*** Dataset content Section Begins ***

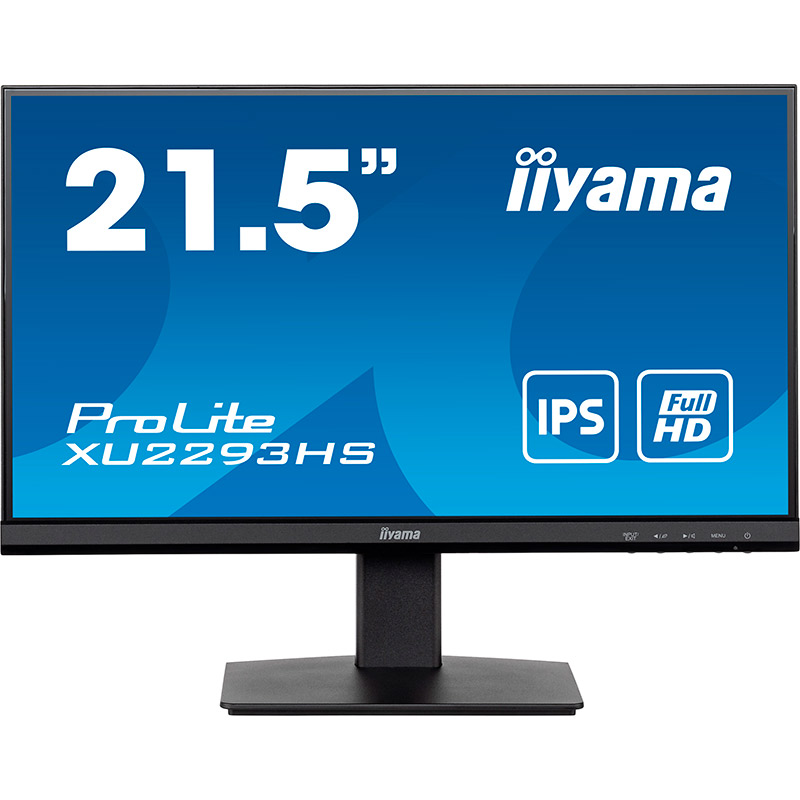 Монітор IIYAMA XU2293HS-B5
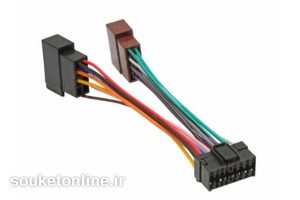 مزایای استفاده از سوکت استاندارد سنسور کیلومتر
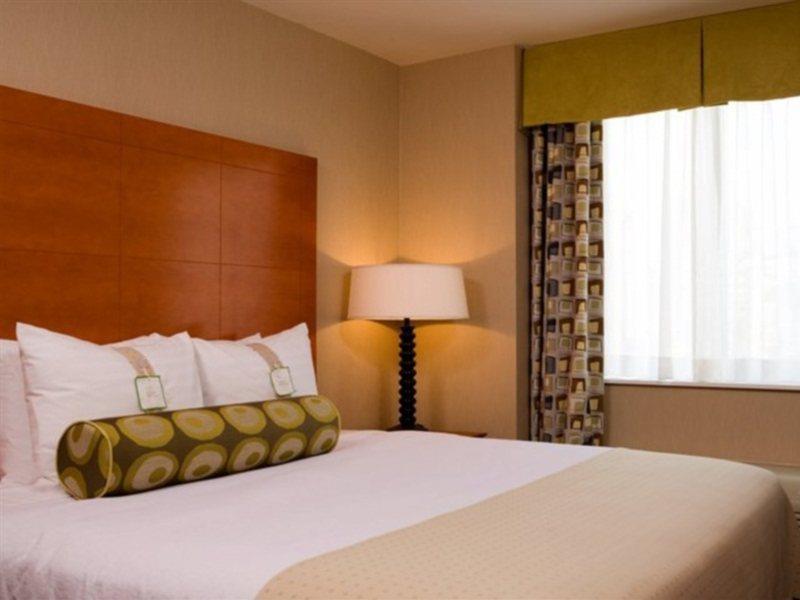 Holiday Manhattan 6th Ave - Chelsea By Ihg New York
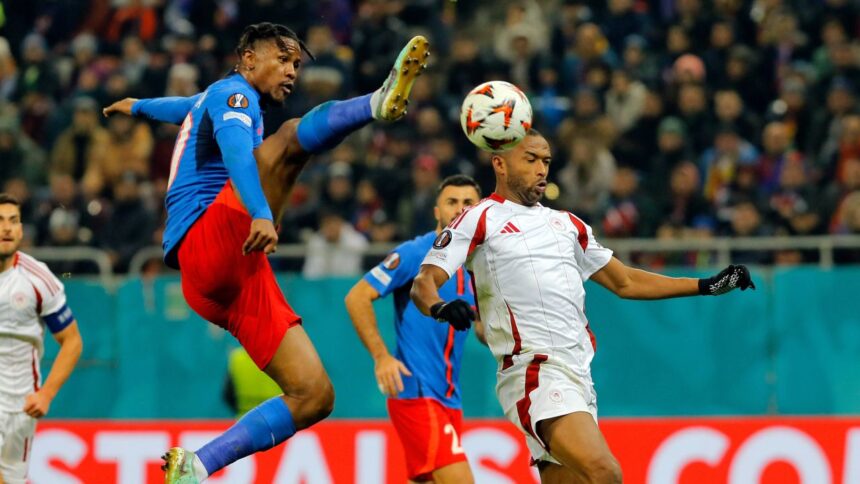 video exclusiv doua oferte nebune pentru siyabonga ngezana de la fcsb una din serie a alta din league one a treia divizie din anglia 6776f8725a013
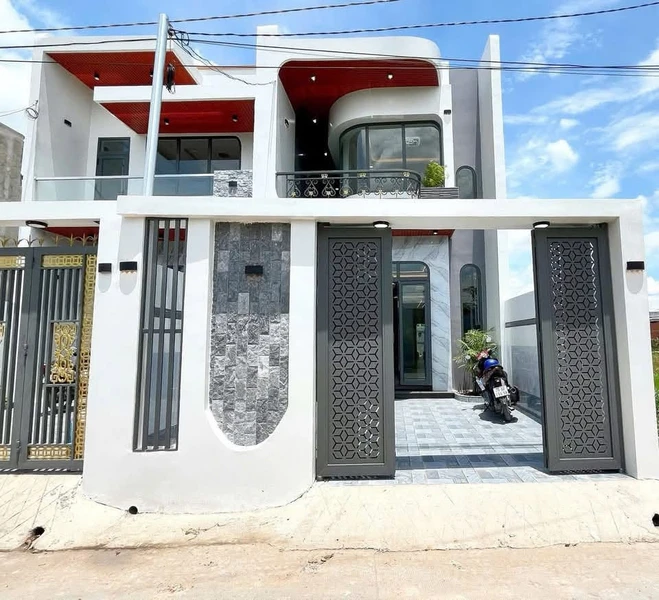Bán đất mặt chính kiệt 86 Thiên Thai, TP Huế, 122m², đường 5,5m, giá 1,15 tỷ phun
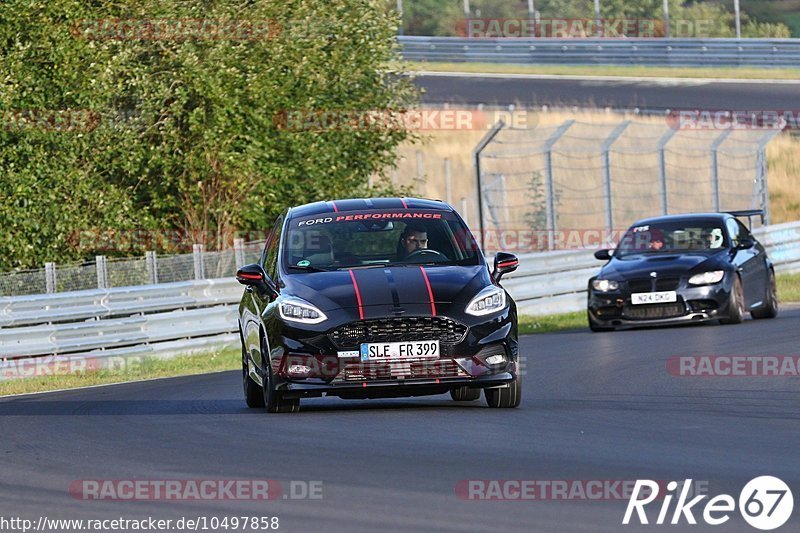 Bild #10497858 - Touristenfahrten Nürburgring Nordschleife (05.09.2020)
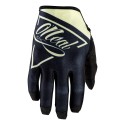 Mayhem Gloves Reseda Black Beige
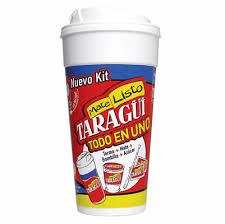Taragui Mate Todo En Uno 35Gr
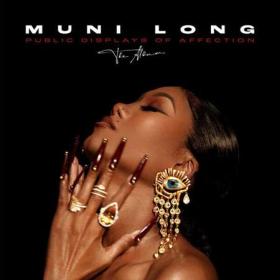 Muni Long - Public Displays Of Affection The Album (2022) [24Bit-44.1kHz] FLAC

*** Dataset content Section Ends ***

* _Problem requirements_
One exact copy of the data, no pictures: write it out line for line.

* _Task output_
 Монітор IIYAMA XU2293HS-B5
 مزایای استفاده از سوکت استاندارد سنسور کیلومتر
 Holiday Manhattan 6th Ave - Chelsea By Ihg New York
 video exclusiv doua oferte nebune pentru siyabonga ngezana de la fcsb una din serie a alta din league one a treia divizie din anglia 6776f8725a013
Bán đất mặt chính kiệt 86 Thiên Thai, TP Huế, 122m², đường 5,5m, giá 1,15 tỷ phun
 Bild #10497858 - Touristenfahrten Nürburgring Nordschleife (05.09.2020)
 Mayhem Gloves Reseda Black Beige
Taragui Mate Todo En Uno 35Gr
 Muni Long - Public Displays Of Affection The Album (2022) [24Bit-44.1kHz] FLAC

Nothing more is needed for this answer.